New Frontiers in Model Order Selection

NIPS-2011 Workshop

December 16, Sierra Nevada, Spain


Video recording of the workshop is available at:


Model order selection, which is a trade-off between model resolution and its statistical reliability, is one of the fundamental questions in machine learning. It was studied in detail in the context of supervised learning with i.i.d. samples, but received relatively little attention beyond this domain. The goal of our workshop is to raise attention to the question of model order selection in other domains, share ideas and approaches between the domains, and identify perspective directions for future research. Our interest covers ways of defining model complexity in different domains, examples of practical problems, where intelligent model order selection yields advantage over simplistic approaches, and new theoretical tools for analysis of model order selection. The domains of interest span over all problems that cannot be directly mapped to supervised learning with i.i.d. samples, including, but not limited to, reinforcement learning, active learning, learning with delayed, partial, or indirect feedback, and learning with submodular functions.

An example of first steps in defining complexity of models in reinforcement learning, applying trade-off between model complexity and empirical performance, and analyzing it can be found in [1-4]. An intriguing research direction coming out of these works is simultaneous analysis of exploration-exploitation and model order selection trade-offs. Such an analysis enables to design and analyze models that adapt their complexity as they continue to explore and observe new data. Potential practical applications of such models include contextual bandits (for example, in personalization of recommendations on the web [5]) and Markov decision processes.

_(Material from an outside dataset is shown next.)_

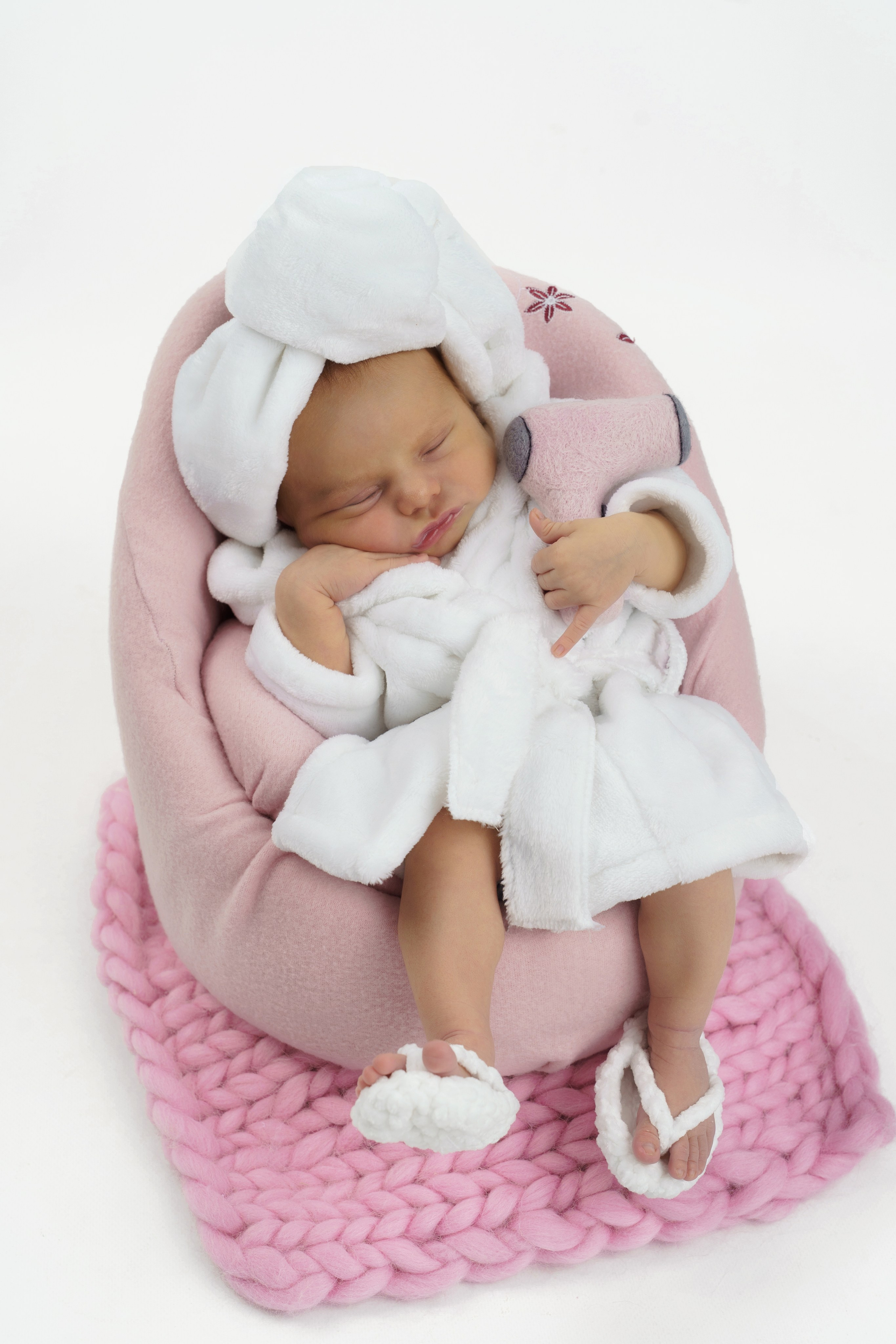 Фотосессия новорожденного (newborn). Фотограф новорожденных, детей до года и беременных в Симферополе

[1] N. Tishby, D. Polani. "Information Theory of Decisions and Actions", Perception-Reason-Action Cycle: Models, Algorithms and Systems, 2010.
[2] J. Asmuth, L. Li, M. L. Littman, A. Nouri, D. Wingate, "A Bayesian Sampling Approach to Exploration in Reinforcement Learning", UAI, 2009.
[3] N. Srinivas, A. Krause, S. M. Kakade, M. Seeger, "Gaussian Process Optimization in the Bandit Setting: No Regret and Experimental Design", ICML, 2010.
[4] Y. Seldin, P. Auer, F. Laviolette, J. Shawe-Taylor, R. Ortner, "PAC-Bayesian Analysis of Contextual Bandits", NIPS, 2011.
[5] A. Beygelzimer, J. Langford, L. Li, L. Reyzin, R. Schapire, "Contextual Bandit Algorithms with Supervised Learning Guarantees", AISTATS, 2011.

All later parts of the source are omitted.